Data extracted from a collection
####

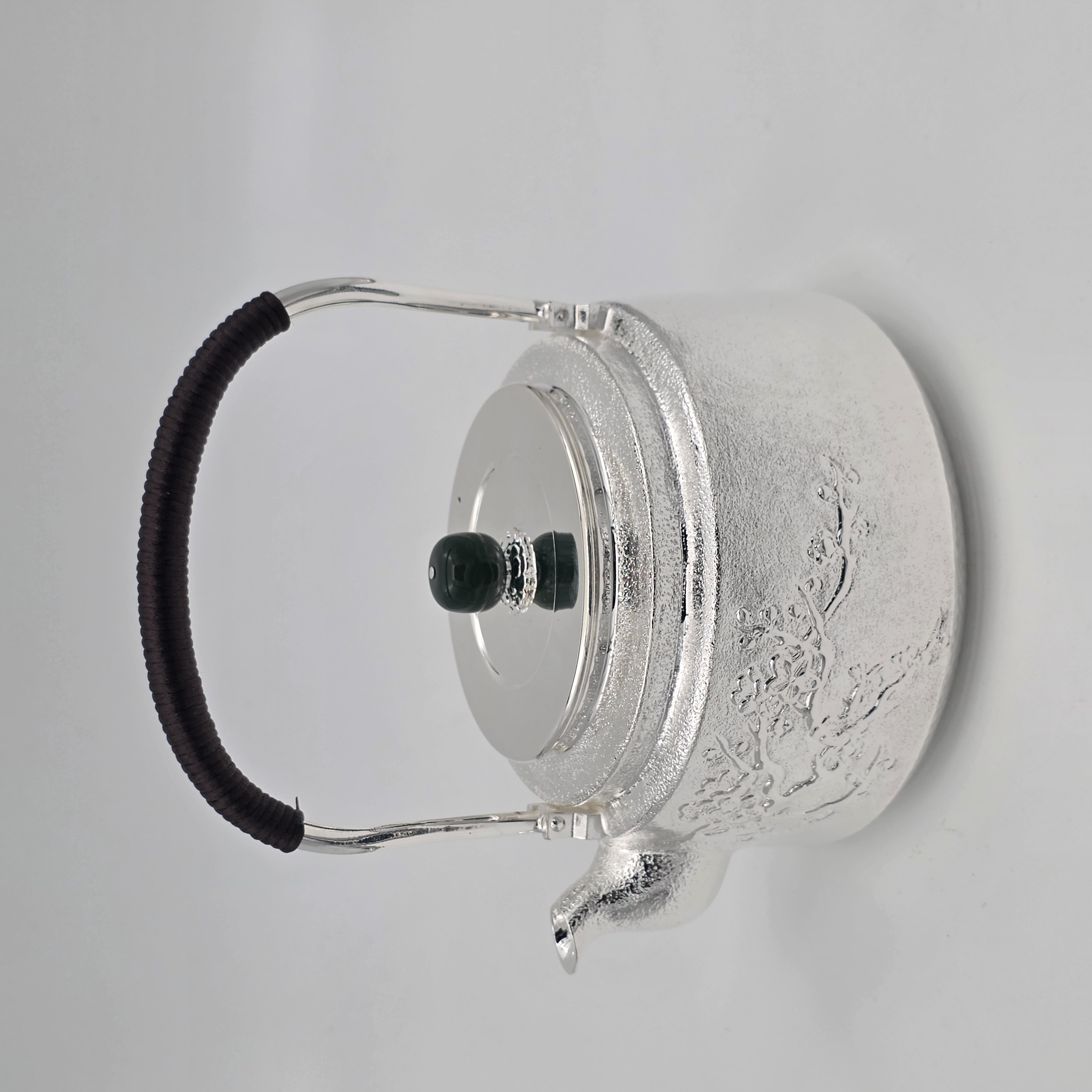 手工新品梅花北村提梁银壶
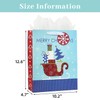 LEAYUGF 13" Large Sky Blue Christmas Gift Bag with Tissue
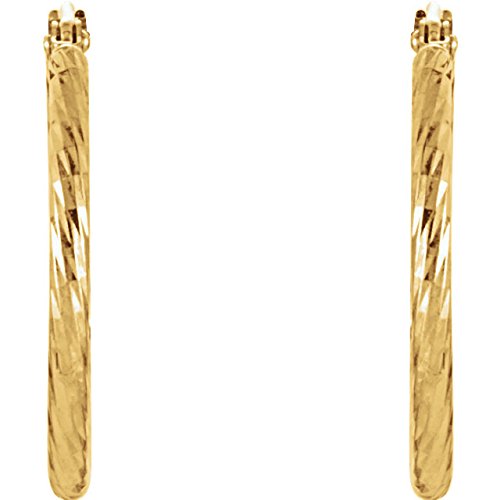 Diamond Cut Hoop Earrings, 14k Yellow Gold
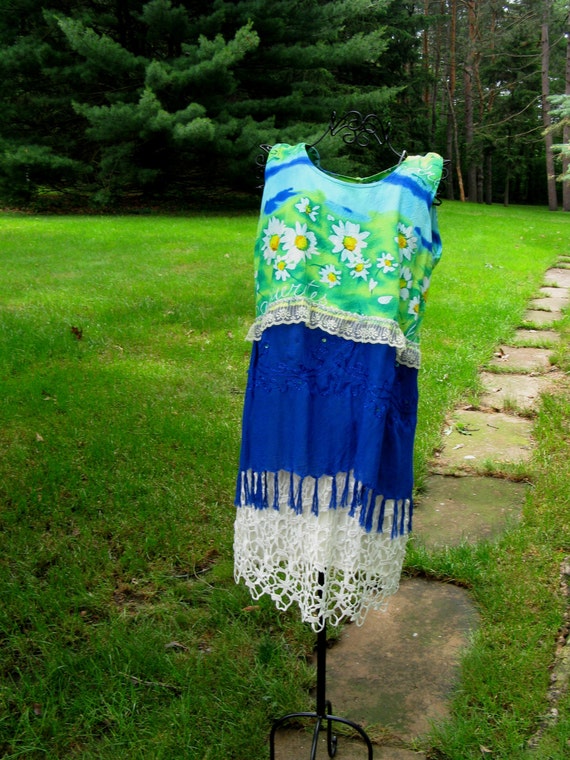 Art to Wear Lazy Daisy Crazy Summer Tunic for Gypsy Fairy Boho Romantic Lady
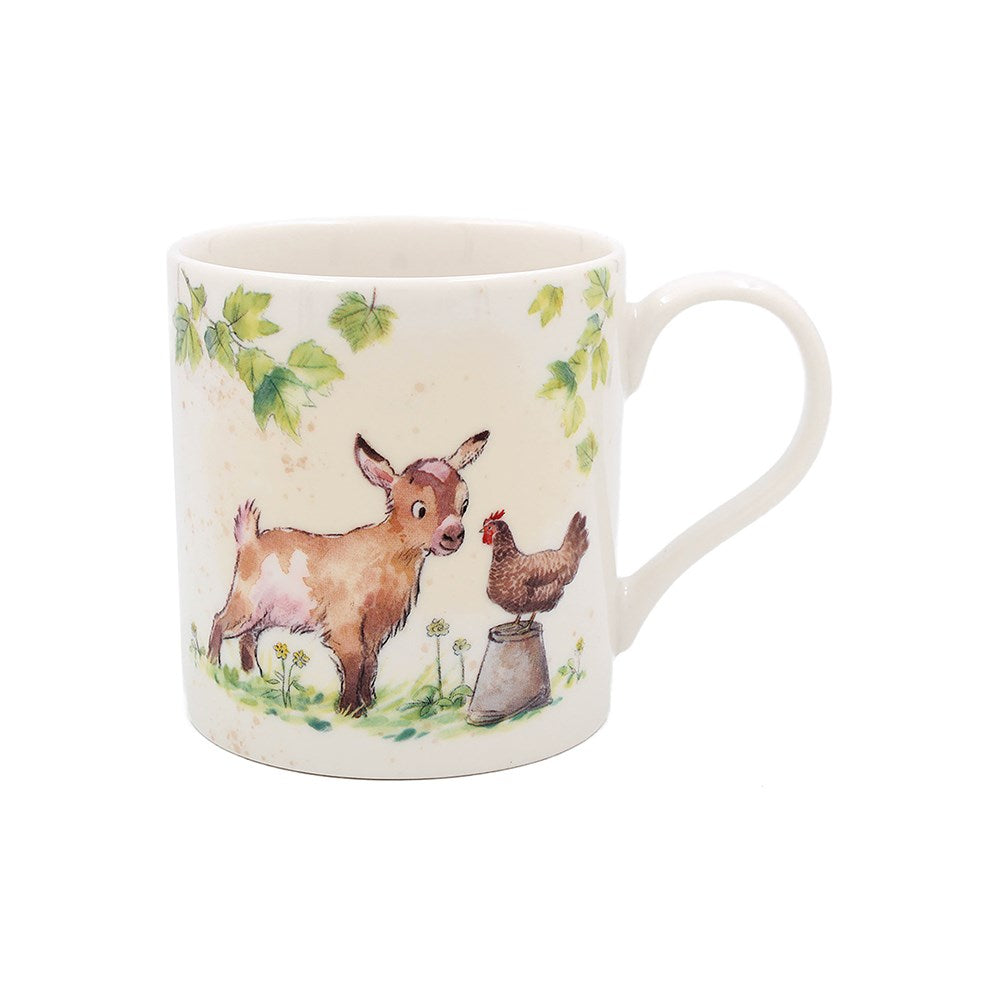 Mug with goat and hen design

####

**GOAL OF THE EXERCISE**
Your output should be exactly the lines of the records above from the one with "Art to Wear" through the last, both ends included, with pictures excluded.

**EXPECTED ANSWER**
 Art to Wear Lazy Daisy Crazy Summer Tunic for Gypsy Fairy Boho Romantic Lady
 Mug with goat and hen design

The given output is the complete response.